Omar's origin story, of fleeing war-torn Somalia to a Kenyan refugee camp before arriving in the United States, is well known.

Al-Aqidi's circumstances were wildly different. She is the daughter of esteemed artists—her mother an actress, her father a notable figure in Iraqi theater—and the family had “a special status,” which shielded them from the worst of the political upheaval surrounding them.

In a Chicago Tribune profile back in 2004, Al-Aqidi recalled becoming a star of Middle Eastern television at the tender age of 7, a sort of after-school song-and-dance program that the Tribune compared to The Mickey Mouse Club. By the time she was in fifth grade, the first tremors of the Iraq-Iran war were underfoot, and her parents were getting a divorce.

In a life-changing move, Al-Aqidi’s mother asked former Iraq President Saddam Hussein for a favor: custody of her daughter. Iraqi law automatically would have assigned young Dalia to her father’s care. Hussein agreed.

“He saved my life at that time because I couldn’t live with my father,” Al-Aqidi told the Tribune. She and her mother’s acting careers soared, and Al-Aqidi ended up hanging out in the same clubs as Hussein’s sons. It wasn’t until adulthood that she became a vocal critic of Hussein’s tyrannical regime.

In 1988, when she was in her 20s, Al-Aqidi, her mother, and her infant half-brother fled the country.  From there she joined Radio Free Iraq in Saudi Arabia and cut her journalistic teeth. She was later able to get a passport and move to the United States in the early '90s, and has lived here ever since.

Though unkown to Americans, in the Middle East, Al-Aqidi was one of the most recognizable reporters on television. In 2014, she made waves by wearing a cross-shaped pendant on air to show solidarity with Iraqi Christians.

“Growing up, I never knew the difference between Eid and Christmas, because we celebrated it all,” she told Clarion Project correspondent Shireen Qudosi in a 2019 interview. “I didn’t feel that anybody looked at me differently. Nobody ever bothered to ask me if I was a Muslim or Christian.”

She is, she says, “an American before anything else," and has called Islamphobia "a construct" and "a myth." 

"I've met many in the Somali community who came to the U.S. for a better life and the opportunity afforded to individuals to excel as entrepreneurs," she said in a statement to City Pages. "They aren't looking to live off of a welfare state or have their wings clipped by the bloated bureaucracy of government."

In the summer of 2019, Al-Aqidi “dared” Omar on Twitter to give her a 30-minute, face-to-face interview, “from one Muslim immigrant to another.” Omar didn’t accept, and Al-Aqidi claims Twitter subsequently shadow-banned her.

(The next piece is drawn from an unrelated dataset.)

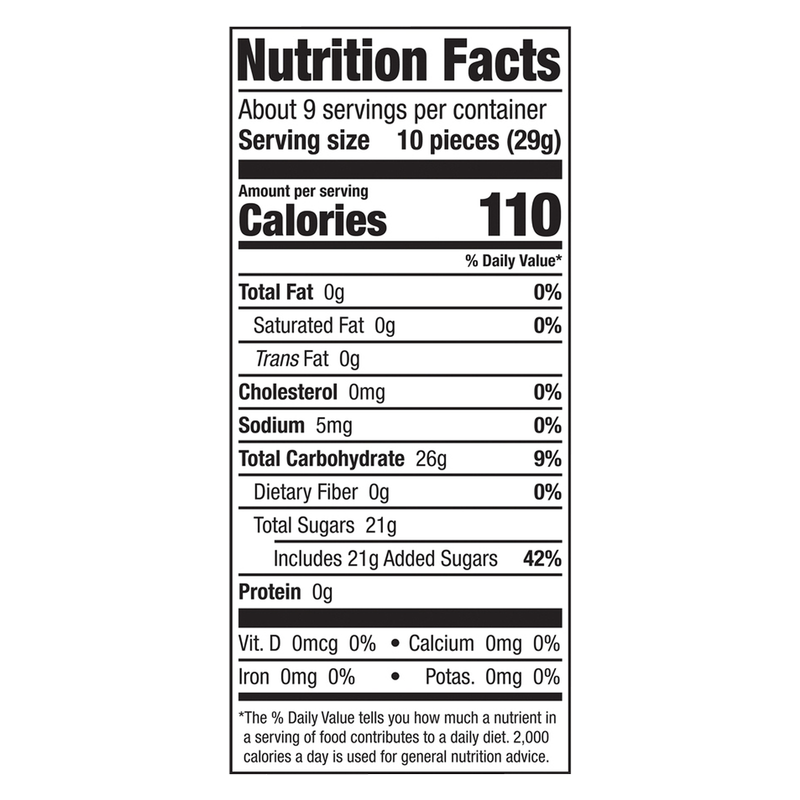 Brachs Classic Jelly Bird Eggs 9oz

The Daily Caller’s coverage of the one-sided exchange attributes the ban to a subsequent tweet. After Al-Aqidi dared Omar to an interview, the Council on American-Islamic Relations (CAIR) followed her on Twitter, and Al-Aqidi posted a claim that CAIR had connections to the Muslim Brotherhood. She still frequently reminds Twitter that CAIR “does not” stand for her.

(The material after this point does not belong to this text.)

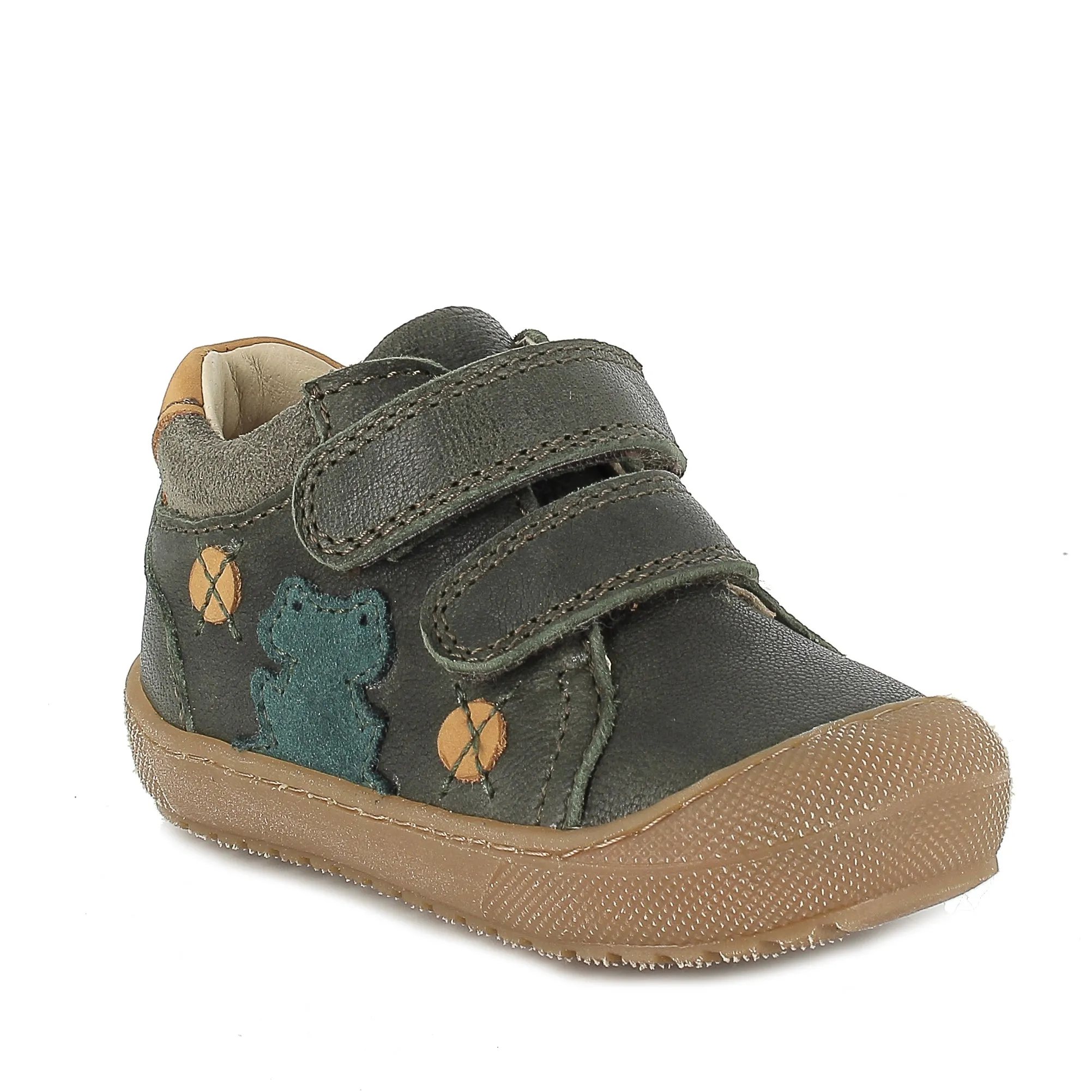 Primigi 4906911 Green Frog Shoe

Other Republican challengers for Omar’s seat include Minneapolis cop/protester-arrester Chris Kelley, Lacy Johnson, Lucia Vogel, Alley Waterbury, Brent Whaley—and, of course,Danielle Stella.

Like her conservative colleagues, Al-Aqidi has her work cut out for her. Minnesota’s 5th Congressional District is overwhelmingly Democratic, and elected the freshman congresswoman in a landslide in 2018. Although Omar has become a national media lightning rod, recent polls suggest she has little to fear from competition at home.

Al-Aqidi said people often ask her about the "political math" here. Why does she think she can win?

"The answer is that change has to start somewhere and this district needs to be represented by someone who believes in the politics of inclusion and attraction, not divison based on identity politics," she said in a statement.